On this topic, I feel I must point out that Belgium is the home of sheer, sublime, beer heaven; Germany and the Czech Republic (both of which make excellent beer) are mere runners-up in the matter of range and scope of Belgian brewing.
Forget Tintin and chocolate (and indeed, the EU): Beer is what Belgium does superlatively well. I have been in restaurants, (and indeed, pubs) in Belgium where the menu is decent, delicious, and perfectly delightful to read. Then, a waitress (or waiter) hands you a veritable door-stopper of a book, invariably the size of a telephone directory (for those of a vintage to recall such publications).
This will be the beer menu, a massive tome that it may take some time to read from cover to cover, all the while an individual stands near, notebook in hand, awaiting your order, politely.
You mutter something on the lines of, 'perhaps give us a few minutes to make up our minds', only to find that you have barely perused a third of the - literally hundreds and hundreds - of seductive offerings in the lavishly illustrated doorstopper when the waitress/waiter returns a few minutes later
.feebly, you ask for a recommendation, only to be asked, in turn, for your own preferences in the esoteric field of brews and beers, as the waitress/waiter will, of course, wish to steer you in accordance with what you may like.

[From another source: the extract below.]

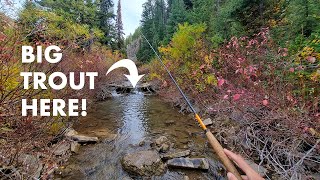 I Caught a MONSTER Out of This TINY Creek Tenkara Fly Fishing [upl. by Maddeu]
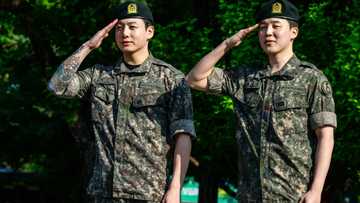 Soft power: BTS fans rally behind Korean international adoptees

This is because there will be beers on this sort of menu that you have never, ever even heard of
.
Adventurously, you try something completely new, never before heard of; and then, to compound an evening of exploration and discovery, you sample something else equally revelatory. Unfortunately, they are both so robust you have no recall whatsoever of what you sampled. Never mind.
However. On further thought, you make a heartfelt vow to return
in the next life, and then, the one after that, and indeed, whatever form the one takes that follows that one, too, irrespective of how many eternities it takes
.in order to sample a few more lurking in the depths of this telephone directory
..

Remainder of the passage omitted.